We stared at each other. The silence between us grew and grew like weeds in a garden. It filled every nook and cranny of the room. Outside I could hear a taxi horn bleating, like a lost sheep. The crosstown bus snorted its way around the corner.
The telephone rang. I jumped. So did Al. I’ve never been so glad to hear the telephone in all my life.
“Maybe it’s the doctor,” Al said.
I got to it first.
“Hi,” a familiar voice said. “It’s me.”
“Where are you, creep!” I shouted.
“I’m home. I got home last night.”
“It’s Polly!” I cried. “She’s home. Get on the kitchen phone. We can both talk to her.”
I heard Al pick up the extension. She didn’t say anything, but I knew she was there
“I thought you were staying until next week,” I said.
“Nope. Here I am. I have a surprise for you,” Polly said.
“You’re getting married,” I guessed.
“Almost right. I’m engaged. But we can’t get married until he unloads his wife and eight kids. Come on over, why don’t you? Is Al there?”

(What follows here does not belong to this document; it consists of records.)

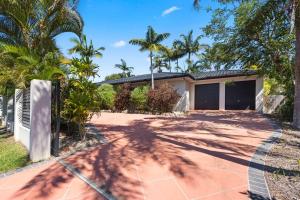 uma casa com palmeiras e uma entrada em 5 bedrooms with a pool em Kawungan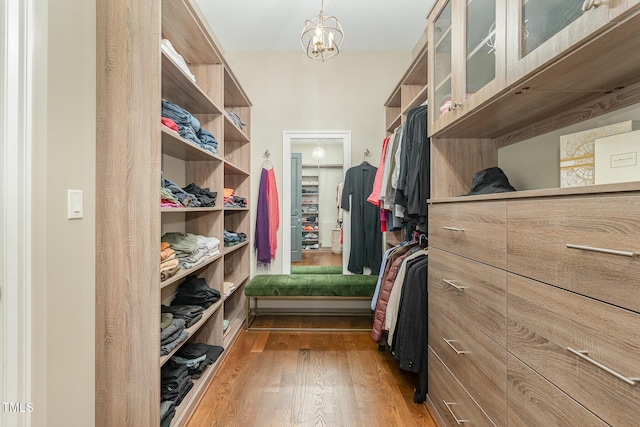 spacious closet featuring light hardwood / wood-style flooring and a notable chandelier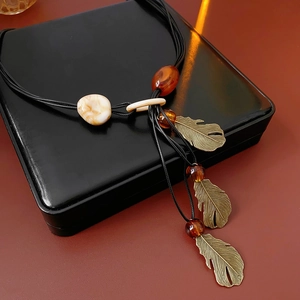 Detail of bohemian necklace with beige bead, metal feathers and amber charms on a box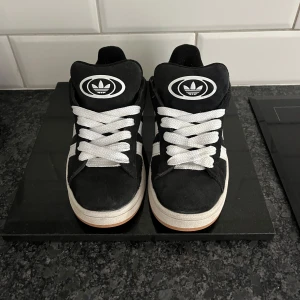Adidas Campus svarta sneakers strl 36 - Säljer dessa svarta adidas campus 00s. dom är använda ett fåtal gånger köpte dom i början så dom e relativt nya säljer då de inte kommer till användning så mycket ingår även svarta snören.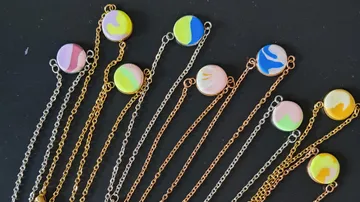 Colorful pendants on chains against black background.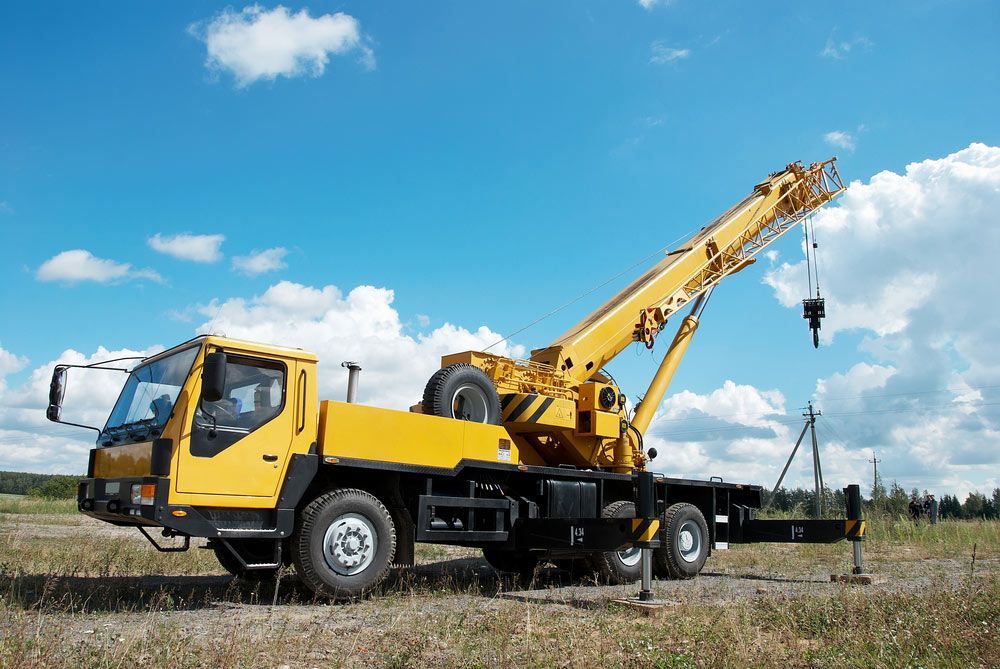 A Yellow Truck With a Crane Attached to It is Parked in a Field — BOEX Tyres And Performance in Bowral, NSW
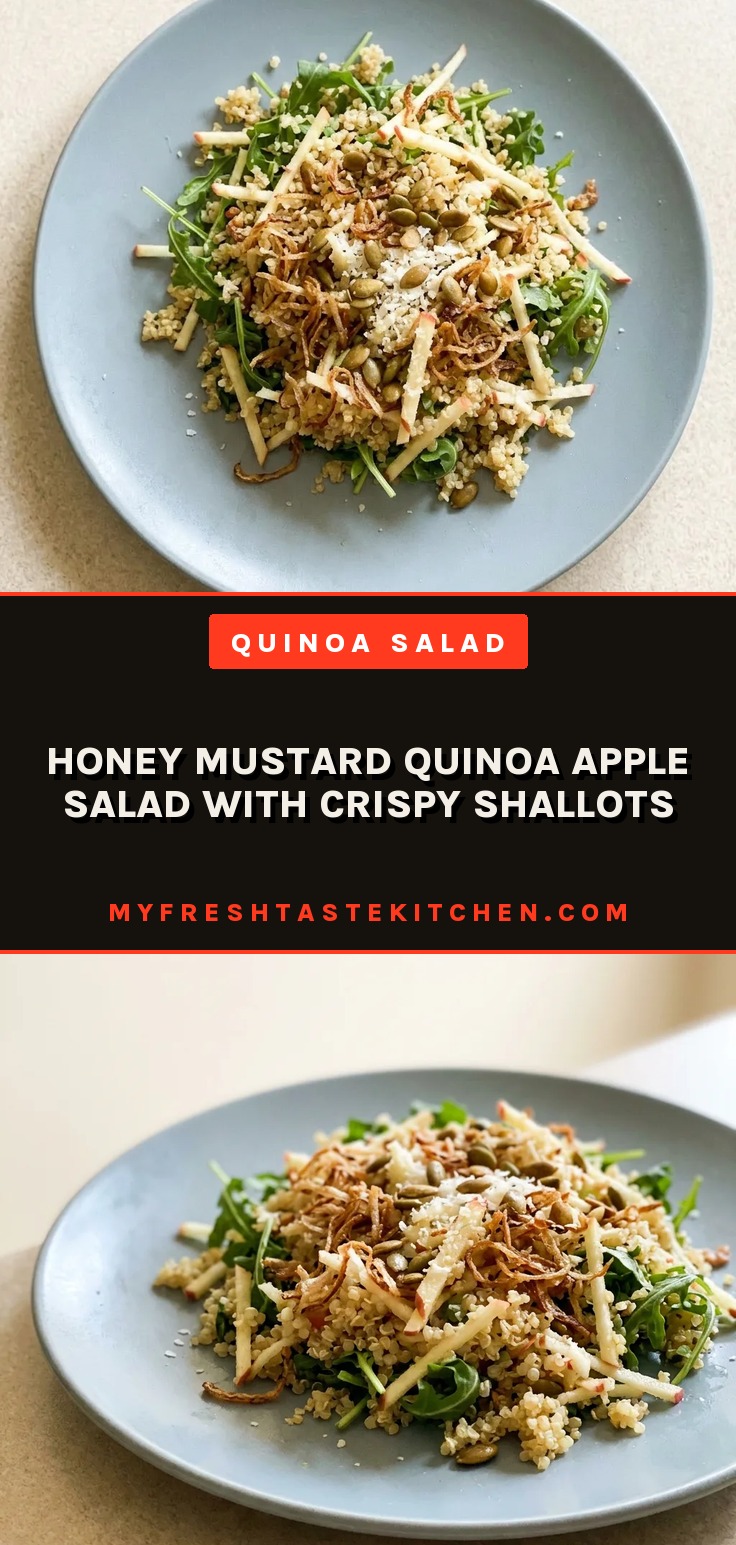 Looking down at a bed of arugula topped with quinoa, diced apple, and crispy shallots, drizzled with honey mustard vinaigrette.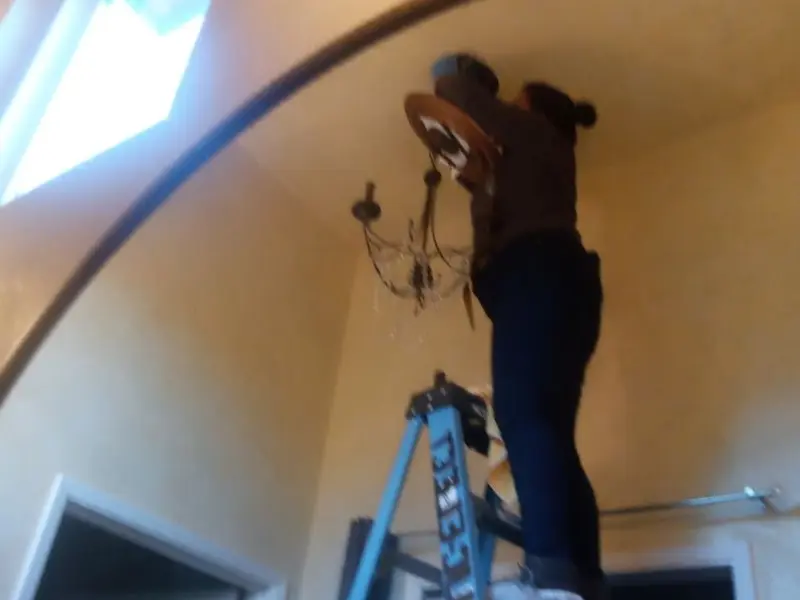 Electrician installing a chandelier in a Tilton residence
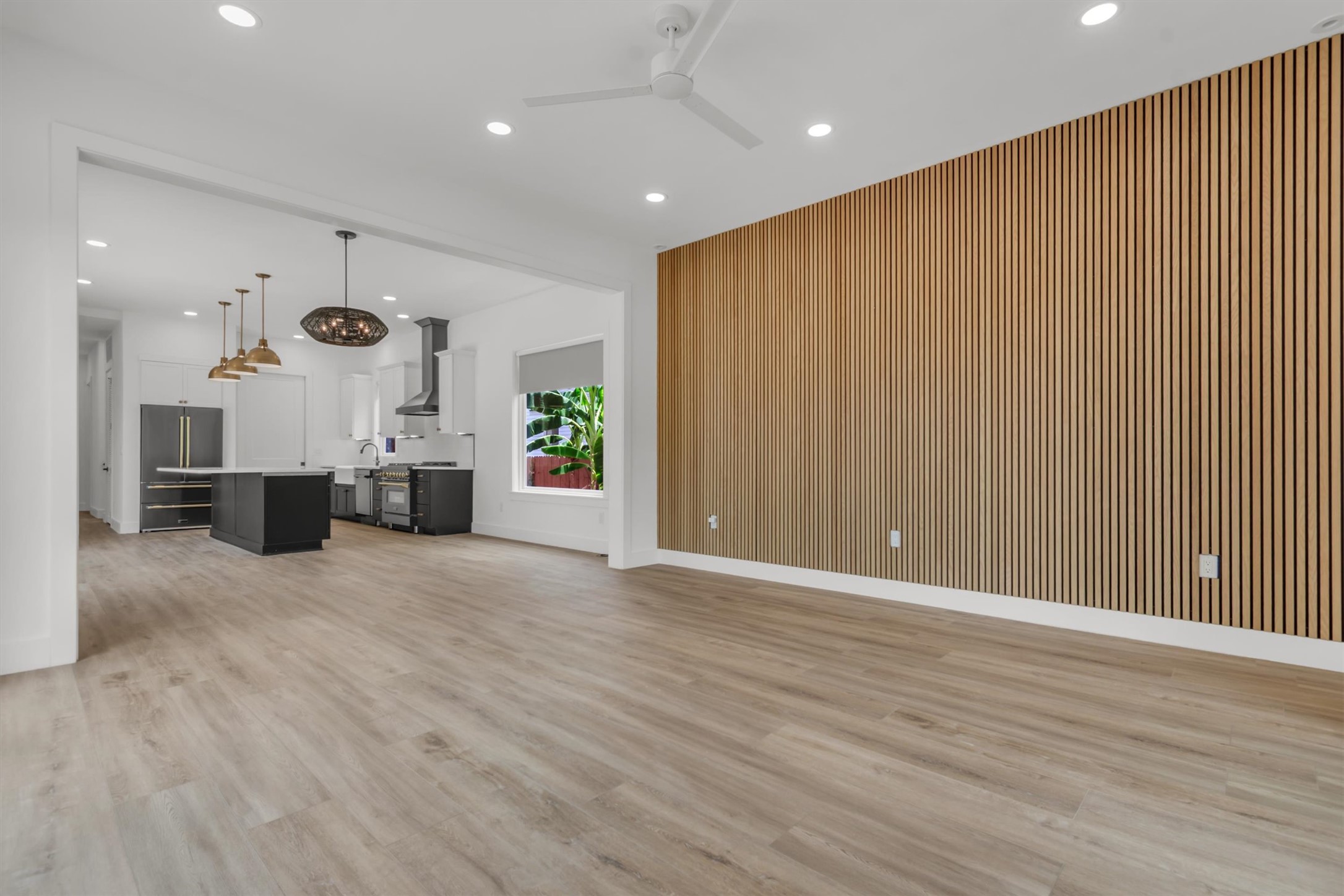 3101 Lyons Road Austin, TX 78702 - Photo 15 of 40 An open-concept living space integrates a stylish kitchen with wood-slat accent wall.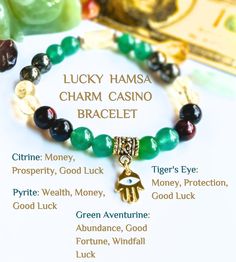 Introducing our lucky casino bracelet featuring a Lucky Hamsa Charm. The Hamsa charm is a popular Middle Eastern symbol of protection and good luck. This  bracelet is made of Citrine, Pyrite, Green Aventurine, and Tiger's Eye. which are known for their ability to attract money, prosperity, abundance and good luck. The lucky Hamsa charm adds an extra touch of good fortune to this already powerful bracelet. Wear it to the Casino or any other place where you hope to win big. It is perfect for anyone who wants to feel protected, lucky and blessed.  Feel the power of the hamsa working for you as you play your favorite games. Watch your luck change as you wear this bracelet. Don't wait  to start attracting good fortune into your life - order your bracelet now before it runs out! MATERIALS: 8mm G Lucky Bracelet Good Luck, Spiritual Good Luck Charm Bracelet, Spiritual Good Luck Jewelry Bracelet, Symbolic Good Luck Bracelets With Round Beads, Crystals For Wealth, Goodluck Charms, Lucky Money, Good Luck Spells, Hamsa Charm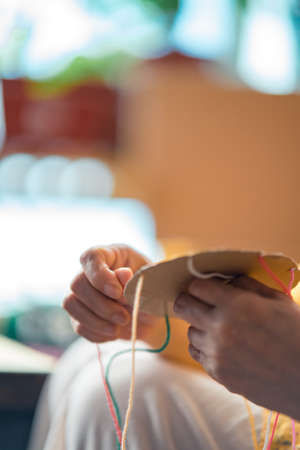 Making a braided friendship bracelet using a cardboard and yarn.の写真素材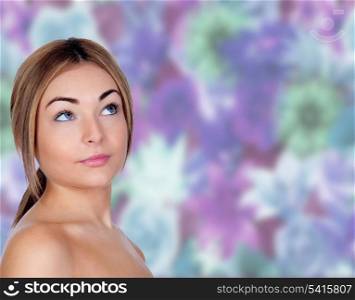 Portrait of beautiful female model looking up with a floral background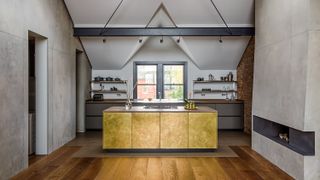 Gold kitchen cabinets with open shelving from Sola Kitchens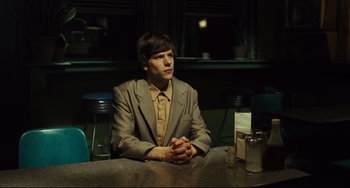 Movie still from “The Double” (2013), directed by Richard Ayoade – Medium shot, Over the shoulder angle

I waited. Al didn’t make a sound.
“Yeah, she’s here. We can’t come right this minute. Al has to go see her mother this afternoon.”
“Where’s her mother?”
“In the hospital. She has pneumonia.”
“That’s too bad,” Polly said.
“Speak up, Al. It’s Polly,” I said.
“Hi,” Al said in a thin, watery voice. That was all she said. “Hi.”
“What’s your surprise?” I asked Polly.
“I’m cooking you guys a lobster dinner,” Polly said excitedly. “I brought them down from the Cape. They’re so fresh I can hardly believe it. They’re delicious when they’re fresh like that. When can you come?”
“I’m not sure,” Al said in a monotone.
“Well,” I said in a loud, positive voice, “I’ll be there. Pronto.”
“O.K. I’ll expect you both,” Polly said. “I have scads of info for you. I met this really cute boy. He didn’t ask me out on a date or anything but I thought he was going to. Then it turned out he was eleven years old. Can you believe it? He was the tallest eleven-year-old I ever saw. I’ve gotta go. My mother’s standing over me with a whip.” And she hung up. I did too. I sat and waited for Al to come out of the kitchen.
“You go,” she said. “If I went, I’d put a damper on things. The way I feel now, I’d be a real drag.”
“Why don’t you wait until after you’ve seen your mother,” I said, “and talked to the doctor. Then you’ll feel better.”
Al cast a dark look in my direction. “I doubt it,” she said. “I have serious doubts that I will feel better.”
Sometimes I think that Al likes to wallow in her emotions. I really do.